- Born: December 13, 1925 Breslau, Weimar Republic (now Wrocław, Poland)
- Died: April 30, 2002 (aged 76) Los Angeles, California, U.S.

= Henrik Birnbaum =

German-born American linguist (1925–2002)

Henrik Maximilian Birnbaum (December 13, 1925 – April 30, 2002) was a German-born American linguist, Slavist, and historian.

== Education and work ==
Birnbaum was born in Breslau, today's Wrocław, Poland. He received his PhD in Slavic Philology in 1954. He worked as a docent at the Stockholm University in 1958-1961, as an Associate Professor of Slavic languages and literature at the University of California at Los Angeles (UCLA), and as a tenured professor at the same university in 1964-1994. He was a guest professor at many American and European universities. From 1992 he led the Department of Medieval Studies at Central European University in Budapest.
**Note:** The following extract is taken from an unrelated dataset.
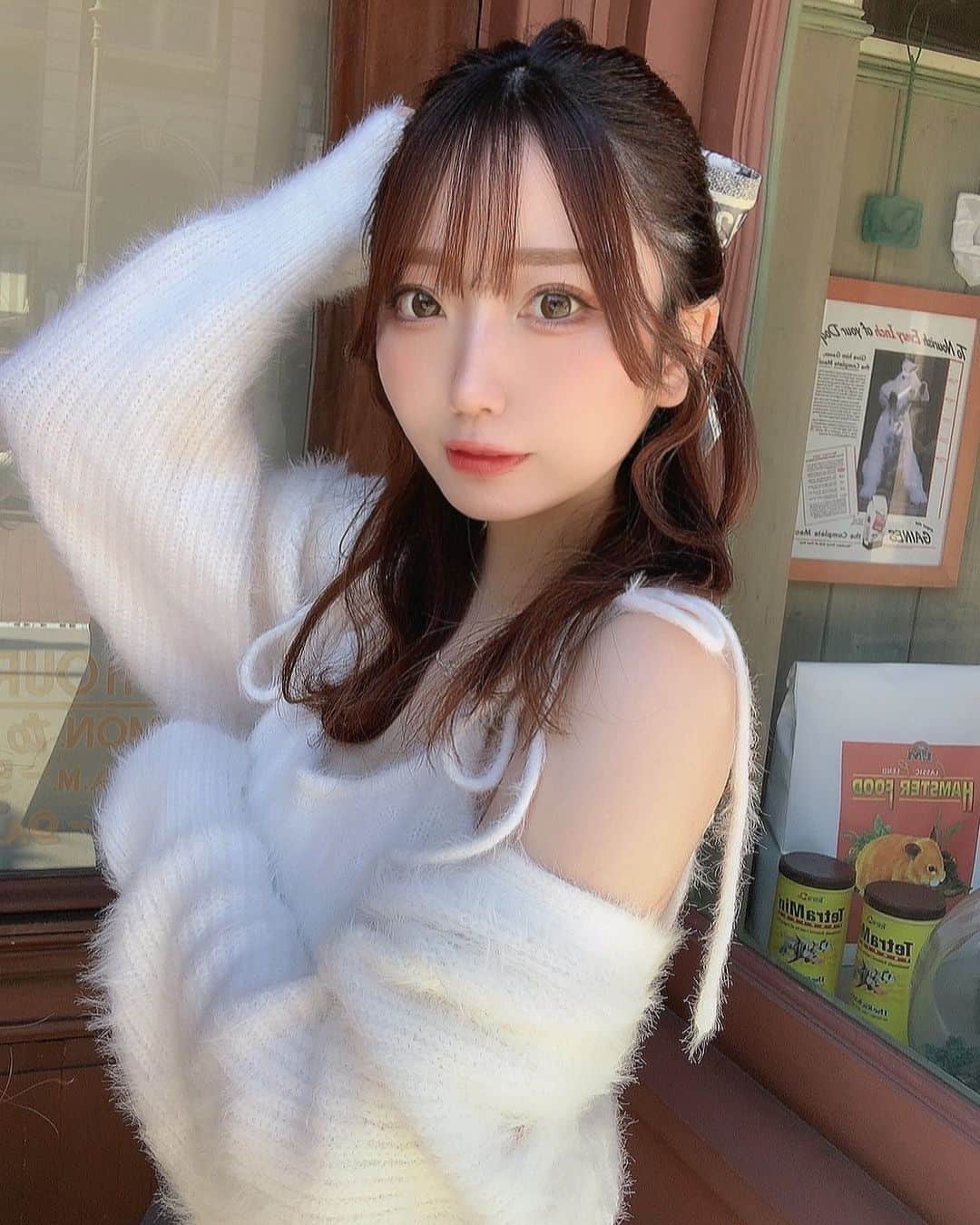 柳田なつみのインスタグラム：「ハーフアップ🐾 ・ ・ #ユニバ　#春服　#白ニット　#肩出しニット　#ハーフアップ　#ヘアアレンジ　#ミディアムヘア　#ミディアムヘアアレンジ」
He authored more than 300 scientific publications in the fields of phonology, dialectology, comparative grammar of Slavic languages, history and culture of the Slavs, 18 of which are books and monographs. Since 1992 he was a regular member of the American Academy of Arts and Sciences, since 1981 a corresponding member of the Swedish Academy, since 1986 a corresponding member of the Yugoslav Academy of Sciences and Arts, and since 1988 a corresponding member of the Polish Academy of Sciences.

==Works==
- Untersuchungen zu den Zukunftsumschreibungen mit dem Infinitiv im Altkirchenslavischen. Ein Beitrag zur historischen Verbalsyntax des Slavischen, Stockholm, 1958.
- Slaverna och deras grannfolk. En kort orientering [The Slavs and Their Neighbors. A Short Orientation], Uppsala, 1961.
- Studies on Predication in Russian I, Santa Monica, CA, 1964.
- Studies on Predication in Russian II, Santa Monica, CA, 1965.
- Problems of Typological and Genetic Linguistics Viewed in a Generative Framework, The Hague, 1970.
- On Medieval and Renaissance Slavic Writing. Selected Essays, The Hague, 1974.
- Common Slavic: Progress and Problems in its Reconstruction, Cambridge, MA, 1975, ²1979.
  - Russian translation by Vladimir Dybo: Праславянский язык. Достижения и проблемы в его реконструкции, Moscow, 1987.
- Doktor Faustus und Doktor Schiwago. Versuch über zwei Zeitromane aus Exilsicht, Lisse, 1976.
- Linguistic Reconstruction: Its Potentials and Limitations in a New Perspective, Washington, D.C., 1977.
- Lord Novgorod the Great: Essays in the History and Culture of a Medieval City-State. Part One: The Historical Background, Columbus, OH, 1981.
- Essays in Early Slavic Civilization / Studien zur Frühkultur der Slaven, Munich, 1981.
- Recent Advances in the Reconstruction of Common Slavic (1971-1982) [jointly with P.T. Merrill], Columbus, OH, 1984.
- Lord Novgorod the Great: Sociopolitical Experiment and Cultural Achievement, Los Angeles, 1985.
- Novgorod and Dubrovnik: Two Slavic City Republics and Their Civilization, Zagreb, 1989.
- Aspects of the Slavic Middle Ages and Slavic Renaissance Culture, New York, 1992.
- Novgorod in Focus, Columbus, OH, 1996.
- Sketches of Slavic Scholars, Bloomington, IN, 1998.